Qu’est-ce qui vous a permis de trouver votre place au sein de la maison Deutz ?
Les dimensions familiale et humaine de cette maison m’ont séduite. Tous les services travaillent dans la transversalité, nous échangeons en permanence, je me sens actrice à tous les niveaux. Au cœur du savoir-faire, le respect de la matière première, des raisins, est le maître-mot. Une volonté de sélectionner des crus dans un rayon restreint de trente kilomètres autour d’Aÿ permet de disposer d’approvisionnements de très belle qualité. La pureté du fruit, grâce à un élevage exclusivement en cuves en inox, l’intégrité des crus, la précision et le sens du détail, sont des éléments essentiels de notre travail que l’on souhaite peu interventionniste, pour laisser s’exprimer la spécificité du vin.
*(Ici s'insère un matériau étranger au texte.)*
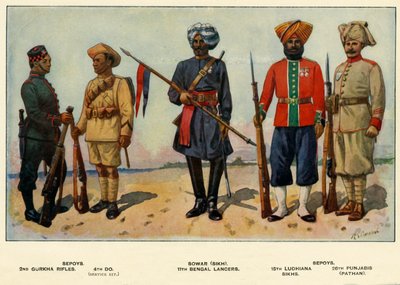 Tipos del Ejército Indio, 1919 de Richard Simkin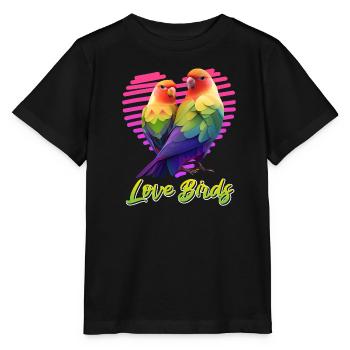 Inséparables Perroquets Amis Oiseaux Amis Oiseaux - T-shirt bio MINI CREATOR Stanley/Stella Enfant - noir - Devant - Mikhail (115cm)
Nous attachons une attention toute particulière au temps, un élément majeur dans l’élaboration du champagne, qui viendra apporter complexité et raffinement à chacune de nos cuvées : nous doublons, voire triplons systématiquement le temps de repos de nos millésimes et cuvées de prestige.

 

Pour finir, vous nous parleriez des cuvées Amour 2013 et Amour Rosé 2013, toutes deux disponibles sur Vins Fins ?
Ce sont toutes deux des cuvées de prestige. Amour de Deutz 2013 est un blanc de blancs, avec une signature stylistique séduisante, gourmande, un touché de bouche presque soyeux. Nous sélectionnons de très beaux chardonnays de la Côte des Blancs, avec une belle minéralité, un potentiel de vieillissement incroyable. La tension est présente ainsi que la générosité. On apporte une touche de chardonnays de la Montagne de Reims pour un peu plus de gourmandise. La cuvée Amour de Deutz Rosé 2013 est issue d’un assemblage de cépages, 58% de pinots noirs et 42% de chardonnays. On laisse le temps aux vins clairs de s’exprimer pour se révéler. La mise en bouteilles est réalisée le plus tardivement possible. Pour encore plus de fruit et d’élégance, on apporte, enfin, une petite proportion de vin rouge que l’on vinifie nous-même.